I personally find the endless stream of management books hitting the shelves a bit much. But Sinek’s refreshingly unconventional. Likeable even. No surprise that executives from Disney, KPMG, jetBlue, Pfizer and even the UN have had him in to consult their management teams. So I decided to go to his breakfast seminar with the HowTo Academy to see if the hype translated into anything meaningful for real estate.

I concluded Simon Sinek’s ‘People First’ management thinking is exactly what we need in real estate leadership. Like every senior manager, I’ve pondered whose needs should come first when leading. “How can an organisation come first when it’s people who make the organisation? You can’t have one without the other … ” Sinek argues.

As the room pondered this point, I thought back to our recent report The Changing Face of Loyalty. Our research showed that demonstrable empathy from leaders and managers is what creates sustainable employee happiness, and earns loyalty.
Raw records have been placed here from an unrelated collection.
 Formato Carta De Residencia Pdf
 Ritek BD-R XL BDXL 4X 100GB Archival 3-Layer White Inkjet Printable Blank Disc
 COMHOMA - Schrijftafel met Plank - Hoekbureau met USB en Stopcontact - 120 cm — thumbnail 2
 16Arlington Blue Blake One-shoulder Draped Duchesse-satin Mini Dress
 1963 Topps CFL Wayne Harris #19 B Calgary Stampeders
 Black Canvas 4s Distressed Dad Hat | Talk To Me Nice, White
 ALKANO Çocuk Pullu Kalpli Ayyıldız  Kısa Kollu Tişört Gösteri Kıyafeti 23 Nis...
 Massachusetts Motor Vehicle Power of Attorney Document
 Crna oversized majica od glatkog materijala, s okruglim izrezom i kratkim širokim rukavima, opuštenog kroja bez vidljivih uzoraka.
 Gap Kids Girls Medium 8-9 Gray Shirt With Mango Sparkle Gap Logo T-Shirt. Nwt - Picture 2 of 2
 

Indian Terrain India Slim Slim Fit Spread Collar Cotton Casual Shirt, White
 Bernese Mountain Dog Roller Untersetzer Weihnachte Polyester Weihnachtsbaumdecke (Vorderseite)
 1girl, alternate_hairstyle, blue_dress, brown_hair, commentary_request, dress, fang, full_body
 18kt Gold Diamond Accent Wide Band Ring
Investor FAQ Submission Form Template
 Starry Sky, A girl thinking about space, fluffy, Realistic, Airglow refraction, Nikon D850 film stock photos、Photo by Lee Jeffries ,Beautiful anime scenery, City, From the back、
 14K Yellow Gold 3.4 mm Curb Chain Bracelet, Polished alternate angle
Giving before taking wins. The best organisations invest in their people because, as Sinek drives home, human relationships really, really matter. “Business is the most personal thing in the world – it’s centred around people, by people – otherwise there’s no purpose or reason to deliver a service.” A thousand heads animatedly nodded at this point, and the auditorium was transfixed.

“People-first managers need to lead by putting people first. You do that by exercising empathy and care, regularly” he said. The best leaders aren’t the ones who are followed because they are feared, but those we trust enough to turn to for guidance and help, so they can go about doing a better job.

Sinek reminded me of Murphy Group’s 10 Point Plan, created by CEO Steve Hollingshead. “It’s reciprocal” Hollingshead revealed in our loyalty report, “if people invest their career in Murphy, we’ll invest in them long term.”

The key seems to start small. Empathy is a muscle that needs exercise. By trying to think about others more often than we think about ourselves, we actively practice ‘people first’ management. It means, as Sinek quite rightly explained, putting other people first as managers. As he closed on that simple yet poignant point, I realised why he’s so popular – it’s a kind of common sense good, that’s good for business.